Vladimir Jakšić (Serbian Cyrillic: Владимир Јакшић; Kragujevac, 23 April 1824 - Belgrade, 16 August 1899) was a Serbian translator, economist, statistician and meteorologist. He is the founder of the first meteorological station network and the first weather statistics department in Serbia.[1] He is also remembered for his Serbian co-translation of Kotzebue's La Peyrouse with brothers Arsenije and Aksentije Tucaković in 1839.[2]
He was the son of treasurer Jakov Jakšić who worked in the State Office of Prince Miloš Obrenović. Vladimir Jakšić was educated at the Gymnasium of Belgrade, and then enrolled at the Faculty of Economics and Finance at the University of Vienna, before studying state-legal sciences at Eberhard Karls University of Tubingen and the Ruprecht Karl University of Heidelberg.[3] [4]
Since 1847 he worked at the Ministry of Finance, where he collected statistical weather data on his own initiative. Jakšić made his first instrumental meteorological measurements in 1848 at his estate in Topčidersko Brdo (Senjak).[5] He never stopped working for the next half-century (1848-1999).[6] As early as 1850 he submitted a proposal to the Državni savet (State Council) for the creation of a state statistical service, but nothing came off it yet. In 1852 he was appointed professor of National Economy and Finance at the Belgrade Lyceum (now the University of Belgrade,[7] replacing Kosta Cukić. Then in 1862, he returned to the Ministry of Finance as Chief Economist, and in the same year, he became the head of the newly-established Statistical Office of the Republic of Serbia. This new centre for environmental information, with current and historical weather data, is now the longest continuous observation that reaches back to 1768, thanks to Vladimir Jakšić's research in the archives of Vienna and his data compilation over the five decades.[8] He headed the department but also established reliable statistical data in the archives of Serbia, with the support of Minister Kosta Cukić. Jakšić himself did most of the work of the statistical department.
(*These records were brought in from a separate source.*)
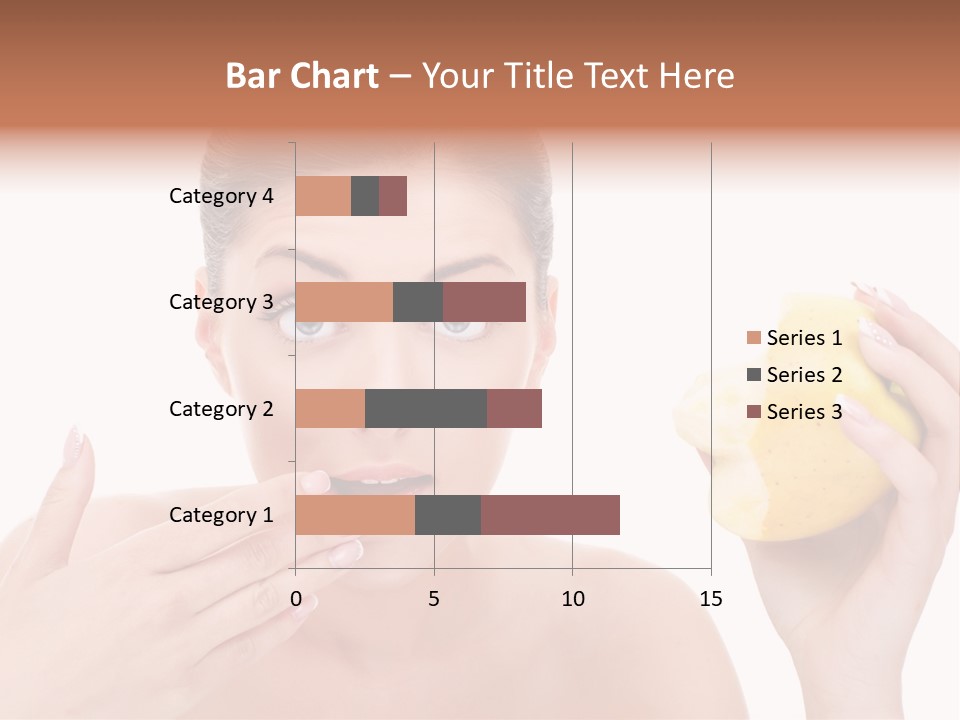 Portrait Eating Beautiful PowerPoint Template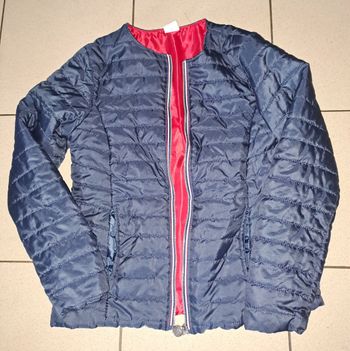 Doudoune fine femme Vent Nautic – Taille S – Marine/Rouge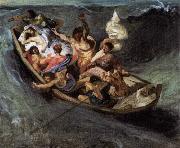 Eugene Delacroix Christ on the Lake of Gennezaret Germany oil painting artist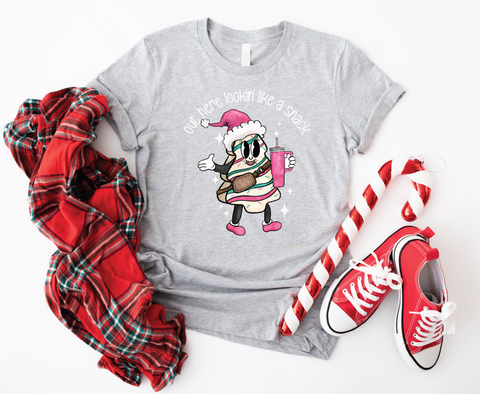 Holiday MVP: Christmas Snack Cake Softstyle Shirt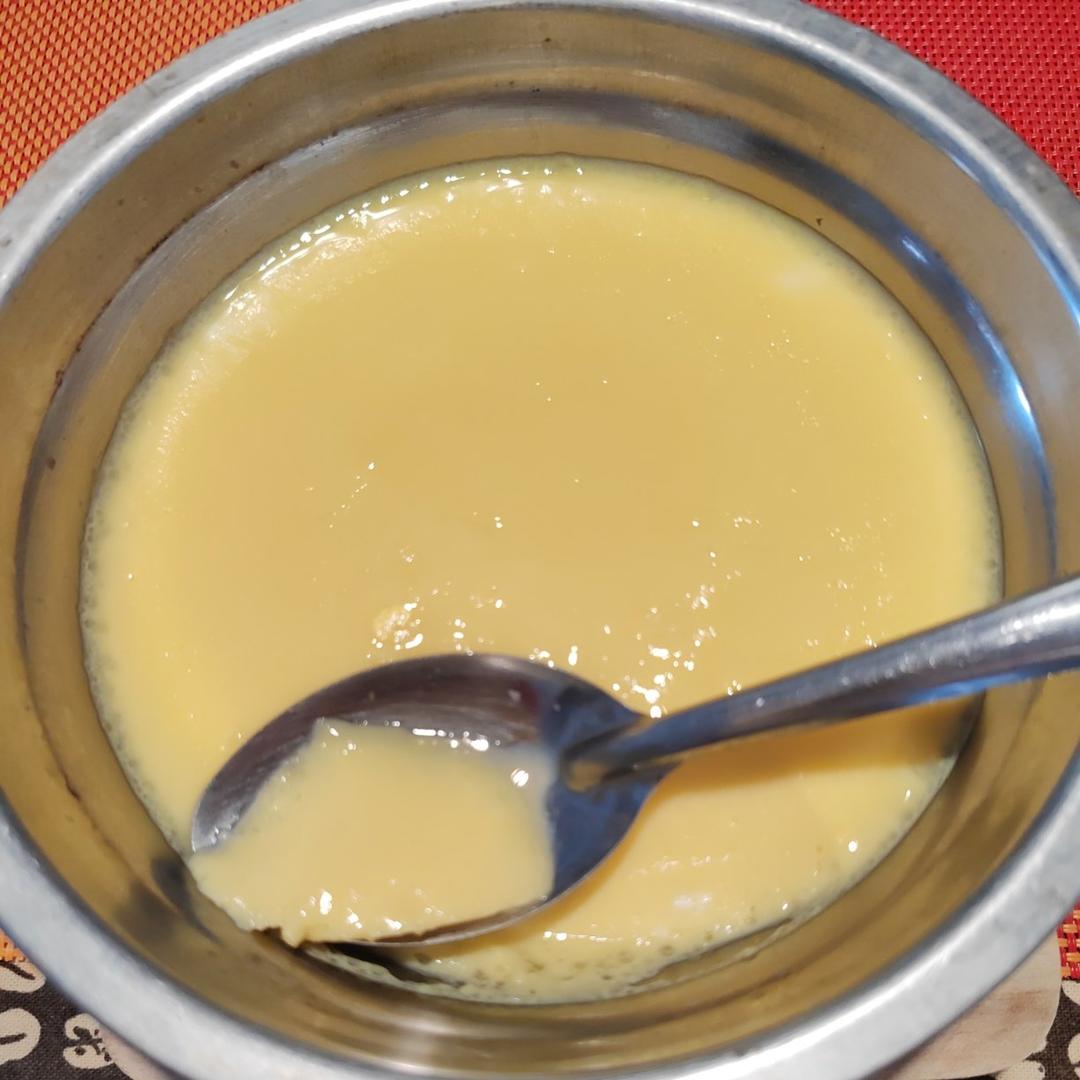 冰花炖蛋，两样食材一点技巧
The most important of his works is Državopis Srbije,[9] the State Gazette of Serbia,[10] which he published as a periodical, unofficially since 1855, and officially from 1863. He also published twenty scientific books of great historical importance. Jakšić first began meteorological measurements in Belgrade and Serbia in 1848 and was the first to write about meteorology in Serbia, arguably making him the founder of Serbian meteorology and climatology. Already after three years of meteorological measurements, in 1851 he made the first study of the climate of Belgrade, based on the results of his own measurements and observations for the period 1848-1850.[6] He was also the founder of the meteorological network of stations across Serbia, with 27 meteorological stations, one of the densest meteorological networks within a country. He retired in 1888, and his job in statistics was continued by Bogoljub Jovanović. On 8 January 1850, Jakšić was elected a full member of the Društva srpske slovesnosti (Society Of Serbian Letters) in Belgrade.
He was a recipient of many awards, most notably the Austro-Hungarian Order of Franz Joseph, the Romanian Order of the Crown, the Greek Order of the Redeemer, the Russian Order of Saint Anne, the Russian Order of Saint Stanislaus, the Serbian Order of the White Eagle and the Serbian Order of the Cross of Takovo.[11]